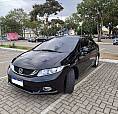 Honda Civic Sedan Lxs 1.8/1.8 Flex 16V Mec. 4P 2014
...
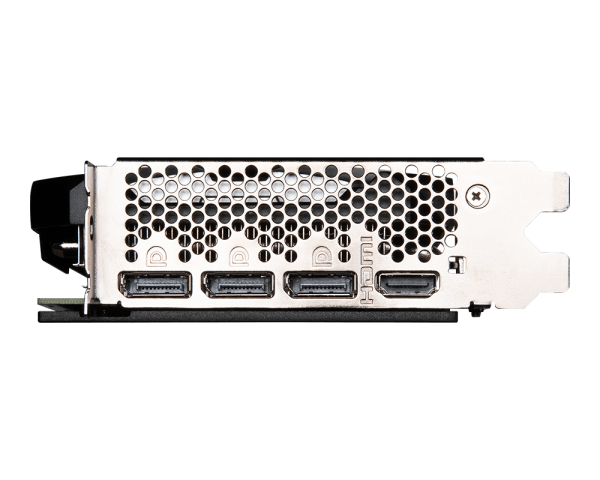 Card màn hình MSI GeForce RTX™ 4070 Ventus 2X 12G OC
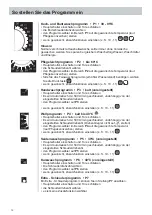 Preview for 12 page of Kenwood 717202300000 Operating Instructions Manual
--
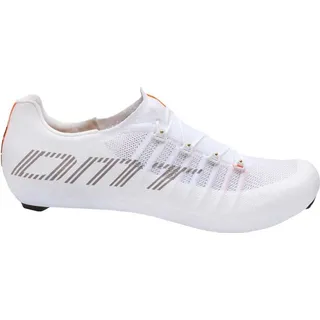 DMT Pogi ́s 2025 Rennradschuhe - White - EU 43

§ **EXERCISE**: When you reach the line with "Card màn hình" in the records above, start writing out each line exactly, and stop after the line with "Preview for 12". Pictures stay out.

§ **RESPONSE FOR THIS EXERCISE**:
 Card màn hình MSI GeForce RTX™ 4070 Ventus 2X 12G OC
 Preview for 12 page of Kenwood 717202300000 Operating Instructions Manual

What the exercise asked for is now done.